Stored dataset items
○ ○ ○ ○ ○

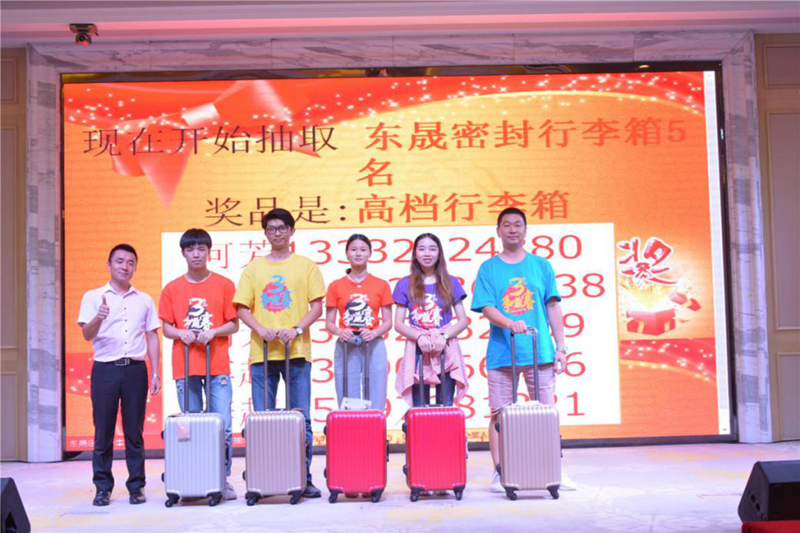 密封件,金馬爭霸賽 密封件,金馬爭霸賽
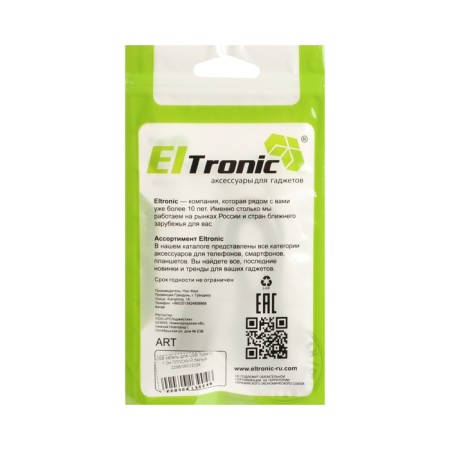 Type -C cable - usb, 2.4 a, 1 m, charging + data transfer, flat, package, white-3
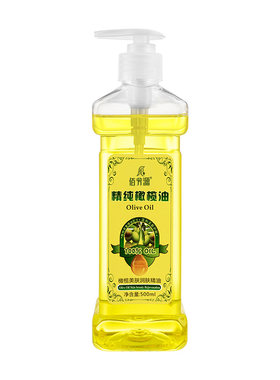 佰芳源橄榄方瓶按摩精油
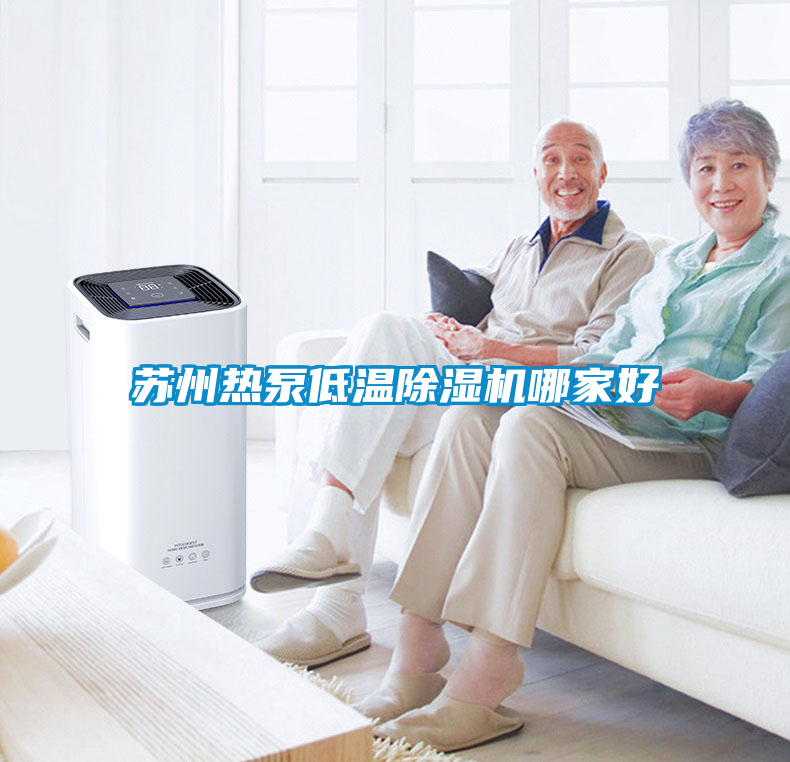 苏州热泵低温茄子视频懂你更多在线观看哪家好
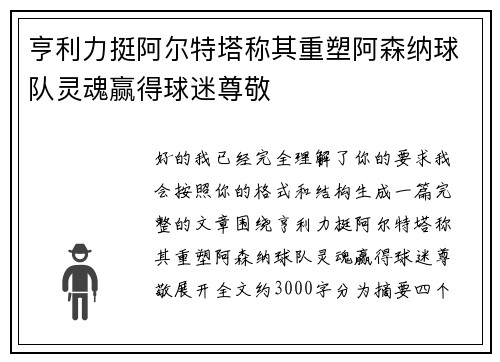 亨利力挺阿尔特塔称其重塑阿森纳球队灵魂赢得球迷尊敬 亨利力挺阿尔特塔称其重塑阿森纳球队灵魂赢得球迷尊敬
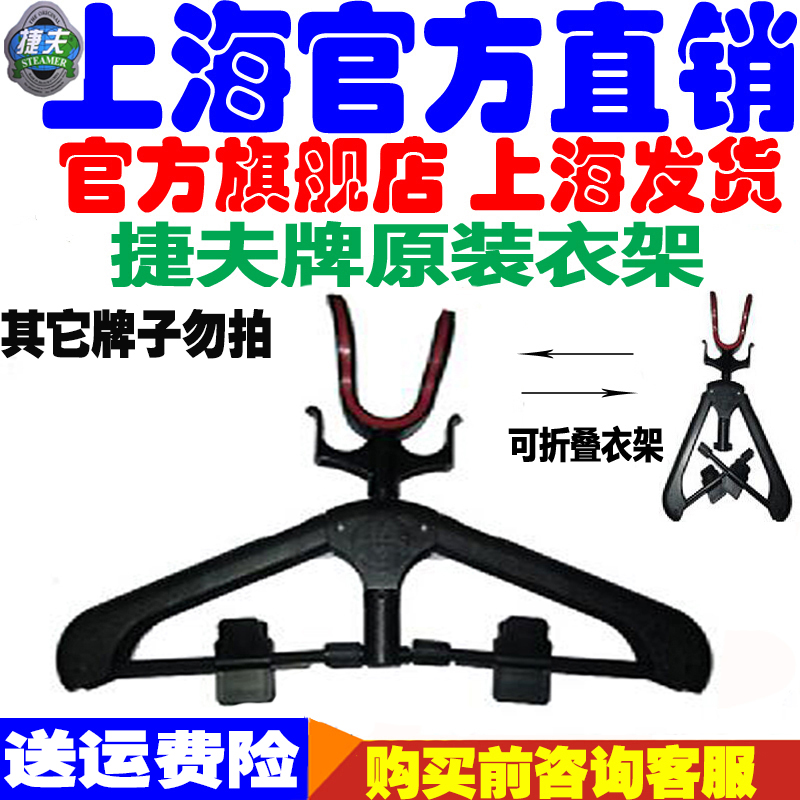 Jiefu steam hanging iron machine original hanger Golden Dragon Tenglong iron iron accessories parts clothing hook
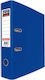Skag Κλασέρ 8/32 για Χαρτί A4 με 2 Κρίκους Μπλε Systems Σκούρο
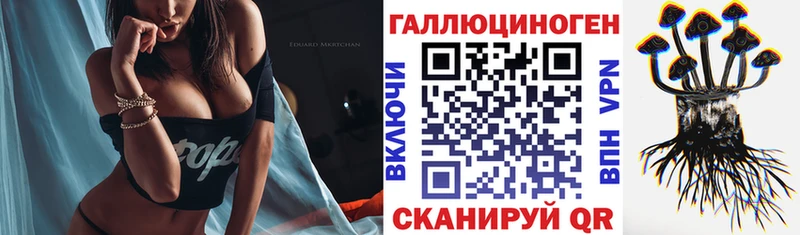 что такое   Рыбное  Галлюциногенные грибы мухоморы 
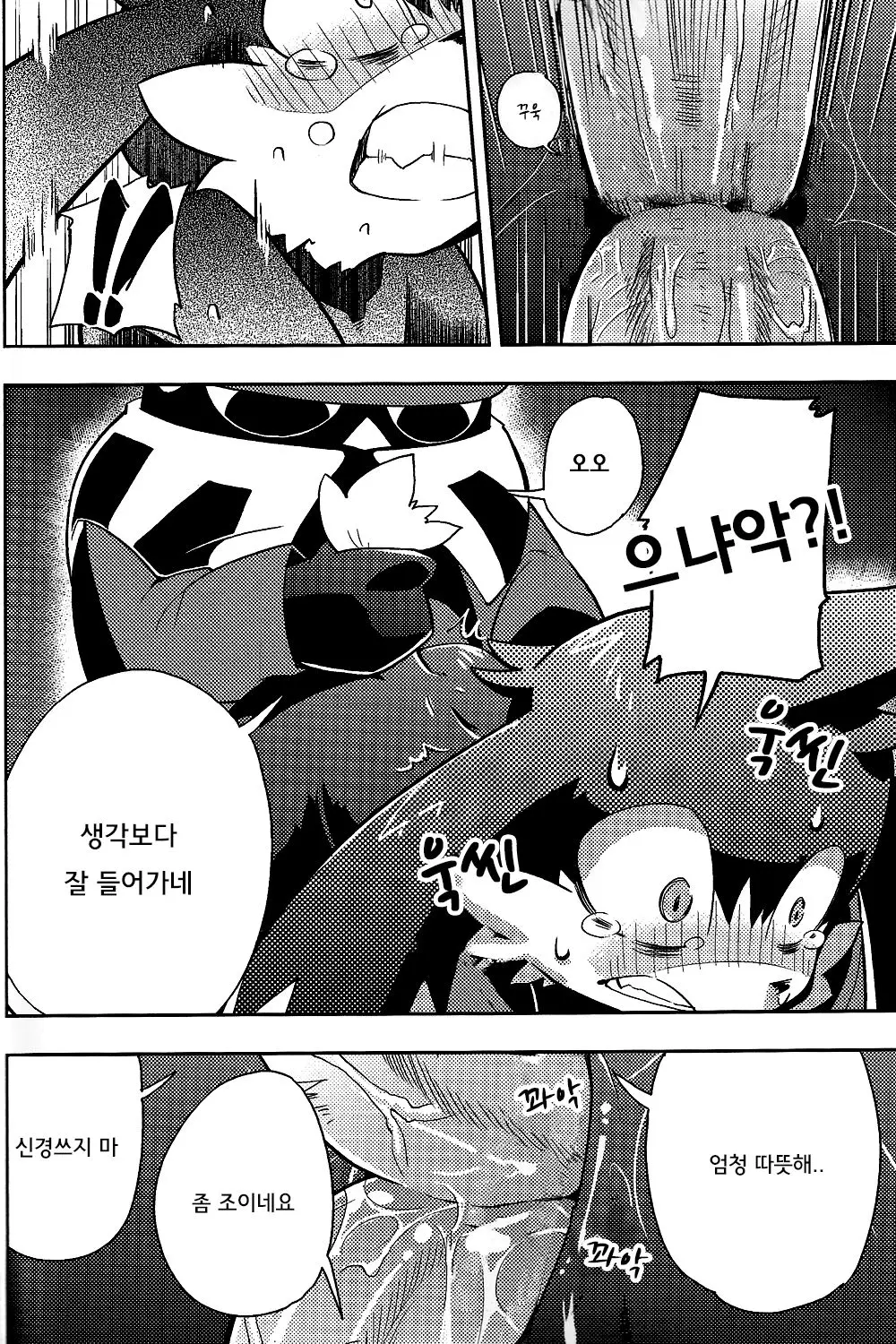 웹툰 이미지 19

○ ○ ○ ○ ○

EXERCISE PROMPT:
Would you give the data above again word for word, minus the pictures?

OUTPUT FOR THIS TASK:
 密封件,金馬爭霸賽 密封件,金馬爭霸賽
 Type -C cable - usb, 2.4 a, 1 m, charging + data transfer, flat, package, white-3
 佰芳源橄榄方瓶按摩精油
 苏州热泵低温茄子视频懂你更多在线观看哪家好
 亨利力挺阿尔特塔称其重塑阿森纳球队灵魂赢得球迷尊敬 亨利力挺阿尔特塔称其重塑阿森纳球队灵魂赢得球迷尊敬
 Jiefu steam hanging iron machine original hanger Golden Dragon Tenglong iron iron accessories parts clothing hook
Skag Κλασέρ 8/32 για Χαρτί A4 με 2 Κρίκους Μπλε Systems Σκούρο
 что такое   Рыбное  Галлюциногенные грибы мухоморы 
 웹툰 이미지 19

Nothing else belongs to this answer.